When I started my model site, The Sprue Lagoon, I didn’t really know what it was going to be like, or how long I’d stay at it. As a result of the site, though, I’ve managed to make all kinds of new connections, and it’s really become an important part of how I model. I take great pride in finding and reviewing both interesting, and completely oddball, subjects. One thing I’ve found since I started it back in 2012 is that I now often think “Would that be a fun kit to review?” before I even think of “Would that be a fun kit to build?” I have changed the way I think to try and take what everybody out there in “internet land” might like to see or find interesting. 

As it turns out, this has led me down a number of interesting roads, and continues to do so. Seven years after starting the website, I have reached a milestone I didn’t even think was possible – 250,000 hits. That’s big for a site just made by one dude and his model stash, I think. I wanted to have a bit of a celebration for it; do something special, something a bit bigger than usual. 

Well, thankfully, I found just the thing! A couple of years ago, I managed to get my hands on what is still the biggest car kit in my inventory, a 1/16 Street Van called “Movin’ Out”. It is a wild, wild “big rig show van” in the most overdone tradition of both the late ‘70s Vannin’ craze, AND the late ‘70s taste for humungous pieces of styrene! 
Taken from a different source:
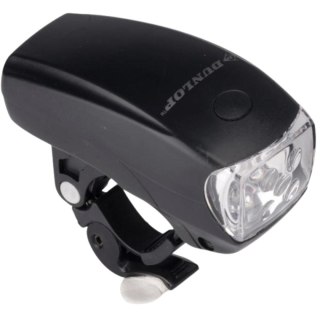 ZESTAW LAMP ROWEROWYCH LED PRZÓD TYŁ DUNLOP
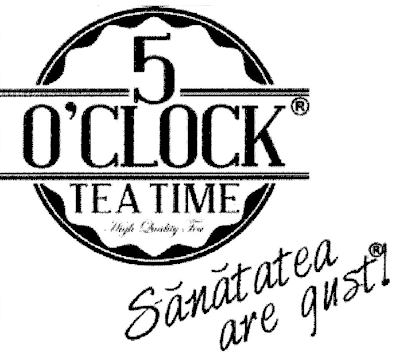 5 O'CLOCK TEA TIME High Quality Tea Sănătatea are gust!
I thought that it would be a fitting thing to present at this milestone occasion; a big review of a big kit on a big day. Check it out at the link below.

Thanks, to everybody, who’s helped make my site successful, and has made my modelling far more fun and interesting than I’d have ever thought possible. Just like this van, you all rock!

*https://adamrehorn.wordpress.com/revell-1-16-movin-out-big-rig-street-van-oob/*


----------



## aussiemuscle308 (Dec 2, 2014)

Cool review. you make it sound delicious. what the hell are those rims?


----------



## Faust (Dec 1, 2012)

aussiemuscle308 said:


> Cool review. you make it sound delicious. what the hell are those rims?



Yeah, it's plenty tasty-looking!

I think the wheels are from a pre-done diecast, maybe something in the "DUBS" series... I agree they suck. WHy someone took the originals, and replaced them with these, I can never even start to guess.

My Uncle has a 1/15 '57 vette he's not using... it has GTA-like wiry wheels it could donate. They might do the trick!


----------



## Richard Baker (Aug 8, 2006)

That looks like a real fun build- a great size for detail!

Strange- part of me wants to build the kit stock but replace the western style interior with something along the lines of a Trek shuttlecraft

I do hope when you build this kit you can post pictures of the completed project


----------



## Milton Fox Racing (May 27, 2014)

Congrates on 250k and the 500k to come. :cheers2:


----------



## Faust (Dec 1, 2012)

Thanks a lot guys! 

So long as there are people out there who support the site, and there are kits to build, then it'll just keep on rollin'! 

Man, that Trek shuttlecraft idea is totally outside the box! What a great idea!! I will build mine "stock" (i.e. to the box) but I'd LOVE to see one done like that, Richard! 

If I ever get the guts to build this guy, I'll keep you guys in the loop for sure!


----------



## Zombie_61 (Apr 21, 2004)

This is one "out there" design that Chevy should have actually produced, especially during the '70s when "trucker" movies were so popular.


----------



## Fury3 (Jan 18, 2003)

I had this kit some....30 plus years ago...talk about nostalgia.


----------



## Faust (Dec 1, 2012)

Zombie_61 said:


> This is one "out there" design that Chevy should have actually produced, especially during the '70s when "trucker" movies were so popular.


Oh, man... good point! They could have used it in a movie, to be an ultimate tie-in, like the Starsky and Hutch Torino.

I can see it now, it would be like combining the Bandit's T/A with Snowman's rig! I guess that would make it "Smokey and the Vandit"? You could add an oh-so-70's Mexican element and call the movie "El Vandito", and have it about him smuggling "goods" across the border. Hmm...

Of course, you'd never fit an elephant in there for the sequel. Wait... maybe that's better.


----------



## RS3 (Jun 16, 2013)

...The ultimate fodder for a Cannonball Run machine!


----------